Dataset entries
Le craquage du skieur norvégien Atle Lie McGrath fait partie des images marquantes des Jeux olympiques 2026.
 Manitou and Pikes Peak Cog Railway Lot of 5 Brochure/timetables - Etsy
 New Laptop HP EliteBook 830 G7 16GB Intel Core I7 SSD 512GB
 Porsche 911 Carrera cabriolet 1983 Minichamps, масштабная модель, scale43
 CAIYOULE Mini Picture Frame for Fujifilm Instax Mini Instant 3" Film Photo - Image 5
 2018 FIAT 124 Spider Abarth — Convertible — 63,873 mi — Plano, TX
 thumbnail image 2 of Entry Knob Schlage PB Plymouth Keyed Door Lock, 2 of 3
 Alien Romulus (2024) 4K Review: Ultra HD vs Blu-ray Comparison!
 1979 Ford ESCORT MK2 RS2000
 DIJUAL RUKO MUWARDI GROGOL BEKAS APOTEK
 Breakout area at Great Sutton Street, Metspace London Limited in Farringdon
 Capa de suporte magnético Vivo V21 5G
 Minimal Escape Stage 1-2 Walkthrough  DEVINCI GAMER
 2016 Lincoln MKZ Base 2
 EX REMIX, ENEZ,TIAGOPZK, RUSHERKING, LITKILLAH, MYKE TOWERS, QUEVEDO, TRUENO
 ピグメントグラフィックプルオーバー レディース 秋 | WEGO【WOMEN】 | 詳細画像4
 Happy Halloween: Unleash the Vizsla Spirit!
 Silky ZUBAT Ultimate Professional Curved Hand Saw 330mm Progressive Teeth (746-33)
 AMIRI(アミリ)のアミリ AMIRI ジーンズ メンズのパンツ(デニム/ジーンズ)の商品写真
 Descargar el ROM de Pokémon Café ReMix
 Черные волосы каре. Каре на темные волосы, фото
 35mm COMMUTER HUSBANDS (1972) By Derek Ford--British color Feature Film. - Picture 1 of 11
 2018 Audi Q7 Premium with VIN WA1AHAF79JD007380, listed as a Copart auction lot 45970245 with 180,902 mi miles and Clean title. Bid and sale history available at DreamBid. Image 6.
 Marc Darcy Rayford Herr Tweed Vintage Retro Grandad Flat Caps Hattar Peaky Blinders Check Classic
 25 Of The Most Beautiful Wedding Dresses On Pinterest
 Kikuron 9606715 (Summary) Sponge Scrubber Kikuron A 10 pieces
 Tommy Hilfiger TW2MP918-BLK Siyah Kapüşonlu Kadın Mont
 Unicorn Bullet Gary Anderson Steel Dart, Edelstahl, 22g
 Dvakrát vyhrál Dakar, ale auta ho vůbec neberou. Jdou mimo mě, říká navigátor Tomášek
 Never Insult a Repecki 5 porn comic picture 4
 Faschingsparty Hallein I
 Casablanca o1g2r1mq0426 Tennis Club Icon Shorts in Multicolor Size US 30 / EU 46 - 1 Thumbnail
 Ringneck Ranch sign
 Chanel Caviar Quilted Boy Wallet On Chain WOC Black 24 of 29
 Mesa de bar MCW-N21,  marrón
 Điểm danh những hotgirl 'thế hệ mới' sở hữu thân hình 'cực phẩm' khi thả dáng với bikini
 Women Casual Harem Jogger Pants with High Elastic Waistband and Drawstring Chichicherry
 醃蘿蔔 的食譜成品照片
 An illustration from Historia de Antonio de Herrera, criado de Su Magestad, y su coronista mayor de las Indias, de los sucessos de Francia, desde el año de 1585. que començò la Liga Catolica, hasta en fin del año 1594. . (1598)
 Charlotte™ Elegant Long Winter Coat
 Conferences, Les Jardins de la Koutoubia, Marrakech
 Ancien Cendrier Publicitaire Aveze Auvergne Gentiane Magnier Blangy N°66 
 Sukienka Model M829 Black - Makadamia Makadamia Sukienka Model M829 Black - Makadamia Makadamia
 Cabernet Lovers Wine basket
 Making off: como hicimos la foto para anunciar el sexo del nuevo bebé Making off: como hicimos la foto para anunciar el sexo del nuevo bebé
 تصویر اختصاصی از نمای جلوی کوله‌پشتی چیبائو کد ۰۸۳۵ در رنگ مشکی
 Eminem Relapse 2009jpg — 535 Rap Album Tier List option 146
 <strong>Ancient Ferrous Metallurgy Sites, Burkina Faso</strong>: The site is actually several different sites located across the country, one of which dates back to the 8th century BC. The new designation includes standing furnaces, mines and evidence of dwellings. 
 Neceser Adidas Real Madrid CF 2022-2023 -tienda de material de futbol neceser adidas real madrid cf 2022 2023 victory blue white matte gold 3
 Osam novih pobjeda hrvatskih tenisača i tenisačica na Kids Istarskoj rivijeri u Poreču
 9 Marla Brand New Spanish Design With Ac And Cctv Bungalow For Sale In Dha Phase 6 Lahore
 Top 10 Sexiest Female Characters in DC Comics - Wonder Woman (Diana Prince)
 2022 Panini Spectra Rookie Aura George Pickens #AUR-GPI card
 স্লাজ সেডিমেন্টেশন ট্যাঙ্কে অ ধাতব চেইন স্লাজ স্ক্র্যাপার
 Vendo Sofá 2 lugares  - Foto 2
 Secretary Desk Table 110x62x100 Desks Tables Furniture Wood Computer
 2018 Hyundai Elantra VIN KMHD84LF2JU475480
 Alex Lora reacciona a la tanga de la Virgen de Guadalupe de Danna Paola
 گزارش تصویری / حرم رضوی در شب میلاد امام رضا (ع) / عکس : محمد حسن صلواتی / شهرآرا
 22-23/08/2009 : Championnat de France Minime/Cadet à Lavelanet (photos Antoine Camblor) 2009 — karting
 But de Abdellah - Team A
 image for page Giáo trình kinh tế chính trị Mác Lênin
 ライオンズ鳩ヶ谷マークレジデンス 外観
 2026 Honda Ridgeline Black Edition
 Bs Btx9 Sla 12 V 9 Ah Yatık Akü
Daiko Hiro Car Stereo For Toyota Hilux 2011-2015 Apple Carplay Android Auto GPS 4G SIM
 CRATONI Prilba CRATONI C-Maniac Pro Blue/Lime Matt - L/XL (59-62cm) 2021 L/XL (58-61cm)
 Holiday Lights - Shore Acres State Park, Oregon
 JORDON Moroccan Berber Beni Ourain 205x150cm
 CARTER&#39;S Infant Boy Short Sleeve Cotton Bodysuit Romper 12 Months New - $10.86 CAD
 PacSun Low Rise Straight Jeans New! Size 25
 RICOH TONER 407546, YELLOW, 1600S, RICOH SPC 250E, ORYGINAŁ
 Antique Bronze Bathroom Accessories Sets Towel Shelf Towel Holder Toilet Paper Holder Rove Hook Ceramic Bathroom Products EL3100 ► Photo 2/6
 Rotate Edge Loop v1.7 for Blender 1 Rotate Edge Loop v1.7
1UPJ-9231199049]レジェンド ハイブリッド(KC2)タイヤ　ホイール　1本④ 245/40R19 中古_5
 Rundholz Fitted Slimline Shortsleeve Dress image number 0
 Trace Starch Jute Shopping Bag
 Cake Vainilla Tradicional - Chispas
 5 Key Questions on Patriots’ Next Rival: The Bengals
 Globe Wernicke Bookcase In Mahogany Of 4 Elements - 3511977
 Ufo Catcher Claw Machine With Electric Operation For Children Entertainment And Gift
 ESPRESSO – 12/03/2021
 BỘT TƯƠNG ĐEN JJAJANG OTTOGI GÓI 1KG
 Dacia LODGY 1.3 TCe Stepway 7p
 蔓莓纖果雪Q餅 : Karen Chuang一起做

* [TASK DIRECTIONS]:
Without leaving anything out, quote all the data.

* [WRITTEN SOLUTION]:
Le craquage du skieur norvégien Atle Lie McGrath fait partie des images marquantes des Jeux olympiques 2026.
 Manitou and Pikes Peak Cog Railway Lot of 5 Brochure/timetables - Etsy
 New Laptop HP EliteBook 830 G7 16GB Intel Core I7 SSD 512GB
 Porsche 911 Carrera cabriolet 1983 Minichamps, масштабная модель, scale43
 CAIYOULE Mini Picture Frame for Fujifilm Instax Mini Instant 3" Film Photo - Image 5
 2018 FIAT 124 Spider Abarth — Convertible — 63,873 mi — Plano, TX
 thumbnail image 2 of Entry Knob Schlage PB Plymouth Keyed Door Lock, 2 of 3
 Alien Romulus (2024) 4K Review: Ultra HD vs Blu-ray Comparison!
 1979 Ford ESCORT MK2 RS2000
 DIJUAL RUKO MUWARDI GROGOL BEKAS APOTEK
 Breakout area at Great Sutton Street, Metspace London Limited in Farringdon
 Capa de suporte magnético Vivo V21 5G
 Minimal Escape Stage 1-2 Walkthrough  DEVINCI GAMER
 2016 Lincoln MKZ Base 2
 EX REMIX, ENEZ,TIAGOPZK, RUSHERKING, LITKILLAH, MYKE TOWERS, QUEVEDO, TRUENO
 ピグメントグラフィックプルオーバー レディース 秋 | WEGO【WOMEN】 | 詳細画像4
 Happy Halloween: Unleash the Vizsla Spirit!
 Silky ZUBAT Ultimate Professional Curved Hand Saw 330mm Progressive Teeth (746-33)
 AMIRI(アミリ)のアミリ AMIRI ジーンズ メンズのパンツ(デニム/ジーンズ)の商品写真
 Descargar el ROM de Pokémon Café ReMix
 Черные волосы каре. Каре на темные волосы, фото
 35mm COMMUTER HUSBANDS (1972) By Derek Ford--British color Feature Film. - Picture 1 of 11
 2018 Audi Q7 Premium with VIN WA1AHAF79JD007380, listed as a Copart auction lot 45970245 with 180,902 mi miles and Clean title. Bid and sale history available at DreamBid. Image 6.
 Marc Darcy Rayford Herr Tweed Vintage Retro Grandad Flat Caps Hattar Peaky Blinders Check Classic
 25 Of The Most Beautiful Wedding Dresses On Pinterest
 Kikuron 9606715 (Summary) Sponge Scrubber Kikuron A 10 pieces
 Tommy Hilfiger TW2MP918-BLK Siyah Kapüşonlu Kadın Mont
 Unicorn Bullet Gary Anderson Steel Dart, Edelstahl, 22g
 Dvakrát vyhrál Dakar, ale auta ho vůbec neberou. Jdou mimo mě, říká navigátor Tomášek
 Never Insult a Repecki 5 porn comic picture 4
 Faschingsparty Hallein I
 Casablanca o1g2r1mq0426 Tennis Club Icon Shorts in Multicolor Size US 30 / EU 46 - 1 Thumbnail
 Ringneck Ranch sign
 Chanel Caviar Quilted Boy Wallet On Chain WOC Black 24 of 29
 Mesa de bar MCW-N21,  marrón
 Điểm danh những hotgirl 'thế hệ mới' sở hữu thân hình 'cực phẩm' khi thả dáng với bikini
 Women Casual Harem Jogger Pants with High Elastic Waistband and Drawstring Chichicherry
 醃蘿蔔 的食譜成品照片
 An illustration from Historia de Antonio de Herrera, criado de Su Magestad, y su coronista mayor de las Indias, de los sucessos de Francia, desde el año de 1585. que començò la Liga Catolica, hasta en fin del año 1594. . (1598)
 Charlotte™ Elegant Long Winter Coat
 Conferences, Les Jardins de la Koutoubia, Marrakech
 Ancien Cendrier Publicitaire Aveze Auvergne Gentiane Magnier Blangy N°66 
 Sukienka Model M829 Black - Makadamia Makadamia Sukienka Model M829 Black - Makadamia Makadamia
 Cabernet Lovers Wine basket
 Making off: como hicimos la foto para anunciar el sexo del nuevo bebé Making off: como hicimos la foto para anunciar el sexo del nuevo bebé
 تصویر اختصاصی از نمای جلوی کوله‌پشتی چیبائو کد ۰۸۳۵ در رنگ مشکی
 Eminem Relapse 2009jpg — 535 Rap Album Tier List option 146
 <strong>Ancient Ferrous Metallurgy Sites, Burkina Faso</strong>: The site is actually several different sites located across the country, one of which dates back to the 8th century BC. The new designation includes standing furnaces, mines and evidence of dwellings. 
 Neceser Adidas Real Madrid CF 2022-2023 -tienda de material de futbol neceser adidas real madrid cf 2022 2023 victory blue white matte gold 3
 Osam novih pobjeda hrvatskih tenisača i tenisačica na Kids Istarskoj rivijeri u Poreču
 9 Marla Brand New Spanish Design With Ac And Cctv Bungalow For Sale In Dha Phase 6 Lahore
 Top 10 Sexiest Female Characters in DC Comics - Wonder Woman (Diana Prince)
 2022 Panini Spectra Rookie Aura George Pickens #AUR-GPI card
 স্লাজ সেডিমেন্টেশন ট্যাঙ্কে অ ধাতব চেইন স্লাজ স্ক্র্যাপার
 Vendo Sofá 2 lugares  - Foto 2
 Secretary Desk Table 110x62x100 Desks Tables Furniture Wood Computer
 2018 Hyundai Elantra VIN KMHD84LF2JU475480
 Alex Lora reacciona a la tanga de la Virgen de Guadalupe de Danna Paola
 گزارش تصویری / حرم رضوی در شب میلاد امام رضا (ع) / عکس : محمد حسن صلواتی / شهرآرا
 22-23/08/2009 : Championnat de France Minime/Cadet à Lavelanet (photos Antoine Camblor) 2009 — karting
 But de Abdellah - Team A
 image for page Giáo trình kinh tế chính trị Mác Lênin
 ライオンズ鳩ヶ谷マークレジデンス 外観
 2026 Honda Ridgeline Black Edition
 Bs Btx9 Sla 12 V 9 Ah Yatık Akü
Daiko Hiro Car Stereo For Toyota Hilux 2011-2015 Apple Carplay Android Auto GPS 4G SIM
 CRATONI Prilba CRATONI C-Maniac Pro Blue/Lime Matt - L/XL (59-62cm) 2021 L/XL (58-61cm)
 Holiday Lights - Shore Acres State Park, Oregon
 JORDON Moroccan Berber Beni Ourain 205x150cm
 CARTER&#39;S Infant Boy Short Sleeve Cotton Bodysuit Romper 12 Months New - $10.86 CAD
 PacSun Low Rise Straight Jeans New! Size 25
 RICOH TONER 407546, YELLOW, 1600S, RICOH SPC 250E, ORYGINAŁ
 Antique Bronze Bathroom Accessories Sets Towel Shelf Towel Holder Toilet Paper Holder Rove Hook Ceramic Bathroom Products EL3100 ► Photo 2/6
 Rotate Edge Loop v1.7 for Blender 1 Rotate Edge Loop v1.7
1UPJ-9231199049]レジェンド ハイブリッド(KC2)タイヤ　ホイール　1本④ 245/40R19 中古_5
 Rundholz Fitted Slimline Shortsleeve Dress image number 0
 Trace Starch Jute Shopping Bag
 Cake Vainilla Tradicional - Chispas
 5 Key Questions on Patriots’ Next Rival: The Bengals
 Globe Wernicke Bookcase In Mahogany Of 4 Elements - 3511977
 Ufo Catcher Claw Machine With Electric Operation For Children Entertainment And Gift
 ESPRESSO – 12/03/2021
 BỘT TƯƠNG ĐEN JJAJANG OTTOGI GÓI 1KG
 Dacia LODGY 1.3 TCe Stepway 7p
 蔓莓纖果雪Q餅 : Karen Chuang一起做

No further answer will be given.